Recent research, published in Nature, has raised questions about the volcanic processes occurring on Jupiter’s moon Io, particularly regarding the absence of a global magma ocean beneath its surface. Data collected by NASA’s Juno spacecraft, combined with historical information from the Galileo mission, suggest that Io’s interior is more solid than previously believed. This revelation has implications not only for Io but also for our understanding of tidal heating in other celestial bodies.

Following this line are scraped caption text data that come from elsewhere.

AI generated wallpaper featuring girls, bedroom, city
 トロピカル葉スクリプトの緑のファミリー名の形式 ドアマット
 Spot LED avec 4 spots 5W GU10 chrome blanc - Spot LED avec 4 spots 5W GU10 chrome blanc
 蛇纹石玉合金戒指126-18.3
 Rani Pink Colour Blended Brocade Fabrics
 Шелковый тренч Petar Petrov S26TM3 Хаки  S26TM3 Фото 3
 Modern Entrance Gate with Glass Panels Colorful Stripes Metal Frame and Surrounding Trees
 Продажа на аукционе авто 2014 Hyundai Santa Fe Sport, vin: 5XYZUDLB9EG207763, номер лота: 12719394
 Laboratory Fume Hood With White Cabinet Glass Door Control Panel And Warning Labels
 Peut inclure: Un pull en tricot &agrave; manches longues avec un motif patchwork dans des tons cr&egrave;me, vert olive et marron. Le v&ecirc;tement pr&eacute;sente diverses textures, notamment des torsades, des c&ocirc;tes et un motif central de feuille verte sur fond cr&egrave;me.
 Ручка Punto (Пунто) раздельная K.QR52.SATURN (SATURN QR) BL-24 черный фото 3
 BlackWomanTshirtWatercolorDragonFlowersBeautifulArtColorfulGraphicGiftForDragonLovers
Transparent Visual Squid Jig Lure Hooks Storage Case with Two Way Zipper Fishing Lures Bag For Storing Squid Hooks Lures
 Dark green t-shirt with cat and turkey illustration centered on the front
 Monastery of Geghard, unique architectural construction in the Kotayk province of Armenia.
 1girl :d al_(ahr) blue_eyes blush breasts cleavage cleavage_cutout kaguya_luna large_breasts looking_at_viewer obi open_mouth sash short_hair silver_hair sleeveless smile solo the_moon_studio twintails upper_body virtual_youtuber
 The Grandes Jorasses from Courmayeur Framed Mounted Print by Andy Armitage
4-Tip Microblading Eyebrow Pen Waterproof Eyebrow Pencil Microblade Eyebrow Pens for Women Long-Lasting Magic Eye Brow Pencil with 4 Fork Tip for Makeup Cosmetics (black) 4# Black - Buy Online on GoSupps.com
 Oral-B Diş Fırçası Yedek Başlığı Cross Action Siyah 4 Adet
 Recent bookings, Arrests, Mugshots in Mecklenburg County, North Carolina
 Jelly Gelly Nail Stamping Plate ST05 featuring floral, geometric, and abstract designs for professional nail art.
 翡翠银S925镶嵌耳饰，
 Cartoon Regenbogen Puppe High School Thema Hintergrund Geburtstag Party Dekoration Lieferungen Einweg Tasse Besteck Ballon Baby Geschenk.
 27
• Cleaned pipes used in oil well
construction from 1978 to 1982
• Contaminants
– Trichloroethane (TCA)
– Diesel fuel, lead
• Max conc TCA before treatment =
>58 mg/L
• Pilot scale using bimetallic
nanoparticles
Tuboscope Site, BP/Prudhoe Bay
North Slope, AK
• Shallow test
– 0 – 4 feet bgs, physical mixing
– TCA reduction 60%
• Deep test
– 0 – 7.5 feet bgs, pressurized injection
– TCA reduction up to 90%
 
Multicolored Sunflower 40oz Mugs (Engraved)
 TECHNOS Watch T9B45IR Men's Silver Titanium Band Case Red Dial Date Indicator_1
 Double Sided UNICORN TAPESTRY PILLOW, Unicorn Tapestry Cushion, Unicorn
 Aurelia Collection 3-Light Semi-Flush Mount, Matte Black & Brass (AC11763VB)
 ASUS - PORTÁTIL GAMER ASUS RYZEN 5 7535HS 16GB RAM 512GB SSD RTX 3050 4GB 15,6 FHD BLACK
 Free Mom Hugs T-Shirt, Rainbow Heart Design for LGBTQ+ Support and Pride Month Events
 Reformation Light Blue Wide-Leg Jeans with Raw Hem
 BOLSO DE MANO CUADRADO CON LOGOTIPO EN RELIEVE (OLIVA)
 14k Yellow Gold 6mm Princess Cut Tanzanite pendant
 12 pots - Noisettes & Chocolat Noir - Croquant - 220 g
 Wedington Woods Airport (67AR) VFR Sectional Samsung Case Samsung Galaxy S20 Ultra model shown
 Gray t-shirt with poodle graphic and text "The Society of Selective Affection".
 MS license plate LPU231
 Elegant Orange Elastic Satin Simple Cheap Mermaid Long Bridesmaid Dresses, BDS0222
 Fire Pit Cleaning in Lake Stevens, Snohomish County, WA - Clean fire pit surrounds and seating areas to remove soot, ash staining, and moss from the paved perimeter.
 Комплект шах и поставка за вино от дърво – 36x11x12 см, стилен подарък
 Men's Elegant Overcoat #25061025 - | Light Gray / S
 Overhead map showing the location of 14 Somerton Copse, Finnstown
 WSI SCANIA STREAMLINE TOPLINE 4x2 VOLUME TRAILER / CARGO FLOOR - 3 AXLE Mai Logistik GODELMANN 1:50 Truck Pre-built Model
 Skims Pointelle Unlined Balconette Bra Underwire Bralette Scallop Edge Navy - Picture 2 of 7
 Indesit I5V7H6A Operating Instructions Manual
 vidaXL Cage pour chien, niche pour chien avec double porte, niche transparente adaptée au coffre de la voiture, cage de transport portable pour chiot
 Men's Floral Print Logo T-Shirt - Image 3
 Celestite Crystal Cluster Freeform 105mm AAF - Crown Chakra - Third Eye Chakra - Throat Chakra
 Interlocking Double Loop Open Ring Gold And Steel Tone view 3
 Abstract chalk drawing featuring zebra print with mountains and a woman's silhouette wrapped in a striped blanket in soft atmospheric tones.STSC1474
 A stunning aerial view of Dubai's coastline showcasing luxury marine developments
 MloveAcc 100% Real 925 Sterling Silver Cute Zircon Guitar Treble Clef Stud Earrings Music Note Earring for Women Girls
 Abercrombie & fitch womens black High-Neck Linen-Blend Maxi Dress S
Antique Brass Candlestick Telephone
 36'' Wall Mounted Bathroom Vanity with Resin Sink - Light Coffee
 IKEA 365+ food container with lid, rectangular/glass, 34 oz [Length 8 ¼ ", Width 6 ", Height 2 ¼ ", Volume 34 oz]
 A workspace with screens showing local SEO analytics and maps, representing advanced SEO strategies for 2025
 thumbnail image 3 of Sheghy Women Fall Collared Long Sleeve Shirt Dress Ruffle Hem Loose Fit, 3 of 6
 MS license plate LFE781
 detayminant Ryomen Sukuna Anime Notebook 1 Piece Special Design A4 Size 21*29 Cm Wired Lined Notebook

Juno and Galileo Findings Reveal a Solid Interior

Scientists, led by Ryan Park from NASA’s Jet Propulsion Laboratory, have analysed data from Juno’s close fly-bys of Io, conducted between December 2023 and February 2024, as per reports. These measurements, alongside archival data from Galileo, focused on Io’s gravitational field and its deformation under Jupiter’s intense gravitational pull. It was found that Io’s rigidity rules out the possibility of a moon-wide ocean of molten rock. Previous theories, based on magnetic induction data and the distribution of volcanic activity, had suggested such an ocean might exist to facilitate the movement of heat beneath Io’s surface.

Source of Lava Remains Under Investigation

According to reports, Io is home to around 400 active volcanoes, with its surface covered in extensive lava plains. Without a magma ocean, the molten rock erupting through these volcanoes must originate from localised pockets of melt within the mantle. These pockets are believed to be heated through tidal forces exerted by Jupiter and its neighbouring moons, Europa, Ganymede and Callisto. The constant twisting and squeezing caused by these gravitational interactions generate heat, though it appears insufficient to maintain a fully molten layer.

Implications for Exoplanetary Studies

The findings extend beyond Io, impacting theories about exoplanets in close orbits around M-dwarf stars. Similar to Io’s interaction with Jupiter, these exoplanets experience tidal heating. The absence of a global magma ocean on Io challenges the assumption that such exoplanets would host extensive molten layers, prompting scientists to revisit these models.